28. In considering the damages the respondent was entitled to, the trial Magistrate held as follows:-“From the contract the defendant planted cane on 0. 5 acres which I find could have yielded 43. 75 tonnes of cane based on the average yield of 95. 81. This cane was planted in May 2011 was to mature in May 2013 when the cane prices were Kshs. 3,800 for the plant crop, the plaintiff therefore lost 43. 75 ×3,800 =166,250/= for the 1st ratoon which was to mature between May 2015 when prices had developed to 3,100…the 1st ratoon reduced by 25% that is 75/100 × 43. 75 × 3,100 = 101,718. 75. the 2nd ratoon will again reduce by 25% for the 1st ratoon as per the KESREF report 75/100 × 32. 8125 which is 24. 6 tonnes and the price had reduced to 3,800. The 2nd ratoon is therefore 2416 × 3,800=93,515. 6 and the total therefore was 166,250 + 101,718. 75 + 93,515. 62 = 361, 484. 40. ”
29. The trial Magistrate went on to further deduct the transport and harvest charges and found the respondent was entitled to Kshs. 240, 881. 50.
30. The KESREF report shows that the cane price was Kshs. 3,800/= at the time of harvest in May 2011. The 1st ratoon would have been priced at Kshs. 3,100/=. The trial Magistrate calculated the price of the 2nd ratoon at Kshs. 3,800/= which I suppose should not be the case since the 2nd ratoon reduces by a further 25% therefore the price would be Kshs. 3,100/= or thereabouts.

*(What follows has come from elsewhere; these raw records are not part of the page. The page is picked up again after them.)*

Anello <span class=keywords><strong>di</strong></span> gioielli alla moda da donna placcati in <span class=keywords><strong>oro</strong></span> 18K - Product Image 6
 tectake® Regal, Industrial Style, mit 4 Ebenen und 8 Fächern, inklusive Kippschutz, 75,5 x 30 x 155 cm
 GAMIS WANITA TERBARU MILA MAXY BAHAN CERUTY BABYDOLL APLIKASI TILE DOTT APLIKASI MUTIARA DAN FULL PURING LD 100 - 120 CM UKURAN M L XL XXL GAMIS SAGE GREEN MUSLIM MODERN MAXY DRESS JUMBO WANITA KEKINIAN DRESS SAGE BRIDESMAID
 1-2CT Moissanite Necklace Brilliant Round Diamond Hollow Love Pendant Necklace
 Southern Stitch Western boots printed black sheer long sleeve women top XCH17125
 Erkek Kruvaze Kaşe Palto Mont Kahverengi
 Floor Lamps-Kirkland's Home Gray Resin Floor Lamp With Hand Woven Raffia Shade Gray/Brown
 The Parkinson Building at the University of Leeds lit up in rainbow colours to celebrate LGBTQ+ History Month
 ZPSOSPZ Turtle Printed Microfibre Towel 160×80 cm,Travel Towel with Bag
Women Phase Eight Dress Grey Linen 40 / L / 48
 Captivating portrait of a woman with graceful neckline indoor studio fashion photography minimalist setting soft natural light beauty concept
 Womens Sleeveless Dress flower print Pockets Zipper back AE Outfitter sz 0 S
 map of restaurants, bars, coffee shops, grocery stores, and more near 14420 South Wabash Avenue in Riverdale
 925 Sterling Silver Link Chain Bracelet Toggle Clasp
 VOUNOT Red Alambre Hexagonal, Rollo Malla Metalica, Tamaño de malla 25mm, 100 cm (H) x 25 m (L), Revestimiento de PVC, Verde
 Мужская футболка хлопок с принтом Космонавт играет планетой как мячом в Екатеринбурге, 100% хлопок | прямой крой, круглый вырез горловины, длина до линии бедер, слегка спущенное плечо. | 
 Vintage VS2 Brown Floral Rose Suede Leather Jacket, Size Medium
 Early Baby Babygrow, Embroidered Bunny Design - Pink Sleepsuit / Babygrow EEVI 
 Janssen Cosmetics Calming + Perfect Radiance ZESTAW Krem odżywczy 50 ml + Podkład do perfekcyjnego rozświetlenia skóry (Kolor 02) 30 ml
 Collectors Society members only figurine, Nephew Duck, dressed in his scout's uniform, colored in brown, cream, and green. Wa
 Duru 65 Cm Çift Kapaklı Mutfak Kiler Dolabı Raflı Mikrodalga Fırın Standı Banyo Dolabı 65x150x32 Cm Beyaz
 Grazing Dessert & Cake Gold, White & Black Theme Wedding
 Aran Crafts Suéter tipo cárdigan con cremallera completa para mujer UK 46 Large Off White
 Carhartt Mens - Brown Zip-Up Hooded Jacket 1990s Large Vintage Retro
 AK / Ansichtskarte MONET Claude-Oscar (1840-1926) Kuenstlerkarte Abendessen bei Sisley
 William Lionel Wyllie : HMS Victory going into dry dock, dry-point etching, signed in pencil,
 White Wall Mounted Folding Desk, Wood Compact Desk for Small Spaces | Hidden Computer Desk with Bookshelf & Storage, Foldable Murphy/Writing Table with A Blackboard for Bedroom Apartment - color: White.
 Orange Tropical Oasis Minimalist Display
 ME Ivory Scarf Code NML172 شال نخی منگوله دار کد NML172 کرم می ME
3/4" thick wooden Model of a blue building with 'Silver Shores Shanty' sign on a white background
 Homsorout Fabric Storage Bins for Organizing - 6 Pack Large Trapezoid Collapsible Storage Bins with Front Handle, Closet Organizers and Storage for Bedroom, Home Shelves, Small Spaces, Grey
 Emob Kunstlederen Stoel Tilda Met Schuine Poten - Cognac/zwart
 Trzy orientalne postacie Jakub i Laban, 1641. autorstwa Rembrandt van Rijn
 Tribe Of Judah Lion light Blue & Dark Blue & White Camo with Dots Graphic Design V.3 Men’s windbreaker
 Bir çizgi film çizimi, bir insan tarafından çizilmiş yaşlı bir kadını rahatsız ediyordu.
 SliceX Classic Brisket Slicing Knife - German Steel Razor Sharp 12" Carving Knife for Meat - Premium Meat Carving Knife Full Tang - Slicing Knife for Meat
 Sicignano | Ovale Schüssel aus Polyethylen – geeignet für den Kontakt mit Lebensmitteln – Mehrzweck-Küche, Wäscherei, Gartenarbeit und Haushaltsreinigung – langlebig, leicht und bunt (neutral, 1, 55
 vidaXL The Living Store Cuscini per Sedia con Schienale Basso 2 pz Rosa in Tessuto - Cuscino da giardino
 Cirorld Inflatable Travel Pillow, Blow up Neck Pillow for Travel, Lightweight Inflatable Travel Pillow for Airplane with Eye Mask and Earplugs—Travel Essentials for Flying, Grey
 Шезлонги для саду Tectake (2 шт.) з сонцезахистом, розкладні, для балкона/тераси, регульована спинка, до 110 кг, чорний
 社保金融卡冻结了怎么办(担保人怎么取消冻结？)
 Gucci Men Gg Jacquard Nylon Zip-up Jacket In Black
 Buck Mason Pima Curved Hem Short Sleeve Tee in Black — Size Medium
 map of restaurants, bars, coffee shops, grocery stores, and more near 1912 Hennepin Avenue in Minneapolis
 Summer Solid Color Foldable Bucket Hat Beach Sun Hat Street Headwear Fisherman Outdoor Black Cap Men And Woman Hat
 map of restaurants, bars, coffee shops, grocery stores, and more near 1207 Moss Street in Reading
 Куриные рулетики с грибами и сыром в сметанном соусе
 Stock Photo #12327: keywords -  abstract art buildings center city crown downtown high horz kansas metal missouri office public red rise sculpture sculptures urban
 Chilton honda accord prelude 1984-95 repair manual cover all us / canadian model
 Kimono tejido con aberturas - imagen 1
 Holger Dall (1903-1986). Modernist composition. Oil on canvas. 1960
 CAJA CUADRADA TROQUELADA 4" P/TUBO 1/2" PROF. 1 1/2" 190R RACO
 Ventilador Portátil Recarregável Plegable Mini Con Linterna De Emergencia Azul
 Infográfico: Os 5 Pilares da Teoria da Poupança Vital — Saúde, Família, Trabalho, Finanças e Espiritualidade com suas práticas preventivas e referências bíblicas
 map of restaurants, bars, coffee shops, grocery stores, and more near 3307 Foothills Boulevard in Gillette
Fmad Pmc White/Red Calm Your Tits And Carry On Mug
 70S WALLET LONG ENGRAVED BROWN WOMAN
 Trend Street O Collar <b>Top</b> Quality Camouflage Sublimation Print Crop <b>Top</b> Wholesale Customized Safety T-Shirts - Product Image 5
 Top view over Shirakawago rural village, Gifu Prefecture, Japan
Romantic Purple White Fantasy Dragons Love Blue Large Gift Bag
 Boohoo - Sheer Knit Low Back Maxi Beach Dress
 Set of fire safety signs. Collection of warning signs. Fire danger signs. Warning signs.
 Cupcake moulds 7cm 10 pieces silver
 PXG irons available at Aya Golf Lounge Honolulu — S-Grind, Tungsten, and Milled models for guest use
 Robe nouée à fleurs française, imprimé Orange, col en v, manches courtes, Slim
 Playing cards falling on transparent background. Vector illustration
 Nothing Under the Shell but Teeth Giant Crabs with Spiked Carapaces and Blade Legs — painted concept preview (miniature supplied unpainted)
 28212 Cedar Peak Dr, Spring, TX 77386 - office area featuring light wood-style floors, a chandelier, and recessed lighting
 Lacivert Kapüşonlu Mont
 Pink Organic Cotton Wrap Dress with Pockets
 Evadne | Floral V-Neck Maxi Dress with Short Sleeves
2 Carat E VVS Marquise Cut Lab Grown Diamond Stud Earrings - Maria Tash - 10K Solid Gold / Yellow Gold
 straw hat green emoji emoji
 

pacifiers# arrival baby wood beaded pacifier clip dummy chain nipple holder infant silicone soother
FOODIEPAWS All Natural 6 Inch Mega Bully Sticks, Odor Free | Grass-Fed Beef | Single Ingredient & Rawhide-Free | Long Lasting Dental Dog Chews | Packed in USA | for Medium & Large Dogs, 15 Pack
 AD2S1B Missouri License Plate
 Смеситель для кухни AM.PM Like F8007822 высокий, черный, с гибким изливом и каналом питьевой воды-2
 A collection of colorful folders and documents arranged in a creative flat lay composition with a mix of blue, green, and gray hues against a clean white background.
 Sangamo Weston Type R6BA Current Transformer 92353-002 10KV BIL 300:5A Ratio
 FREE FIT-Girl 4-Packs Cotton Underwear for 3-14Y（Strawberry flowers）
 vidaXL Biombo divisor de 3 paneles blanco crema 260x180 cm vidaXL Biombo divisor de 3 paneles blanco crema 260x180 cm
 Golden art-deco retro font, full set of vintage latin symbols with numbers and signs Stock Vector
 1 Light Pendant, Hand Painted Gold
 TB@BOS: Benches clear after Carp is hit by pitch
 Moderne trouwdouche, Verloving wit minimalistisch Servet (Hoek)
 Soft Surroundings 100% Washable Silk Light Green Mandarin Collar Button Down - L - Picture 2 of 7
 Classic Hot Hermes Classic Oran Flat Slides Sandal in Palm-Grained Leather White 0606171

The reduction of the 1st ratoon brought the tonnage to 32. 81. The 2nd ratoon reduces by a further 25% and the 2nd ratoons tonnage is 24. 61 tonnes. The computation of the 2nd ratoon therefore should have been:-24. 61 × 3,100= 76,283. 25. The total computation of damages for the plant crop, 1st and 2nd ratoons would therefore have been166,250 +101,718. 75+76,283. 25= 344,252/=
31. On the applicable statutory deductions and other expenses, it is a matter of fact and should be proved by evidence. If at all the plant crop and the ratoons were not harvested, there is no justification in expecting that harvesting charges would apply.
32. The foregone position is that the appeal dated 25/8/2022 partially succeeds. The following orders do issue:-a.The Judgement and Decree of the Hon. Munguti dated and delivered on 27/7/2022 in Migori CMCC No. 1310 of 2016 is hereby set aside.b.The respondent is entitled to damages of Kshs. 344, 252/=.c.The appellant is awarded costs of this appeal.d.The interest on the damages shall run from the date of filing the suit.e.The interest on costs shall run from the date of judgement.
DATED, DELIVERED AND SIGNED AT MIGORI THIS 18TH DAY OF JULY, 2023. R. WENDOHJUDGEJudgement delivered in the presence of;No appearance for the Appellant.No appearance for the Respondent.Emma / Phelix Court Assistant.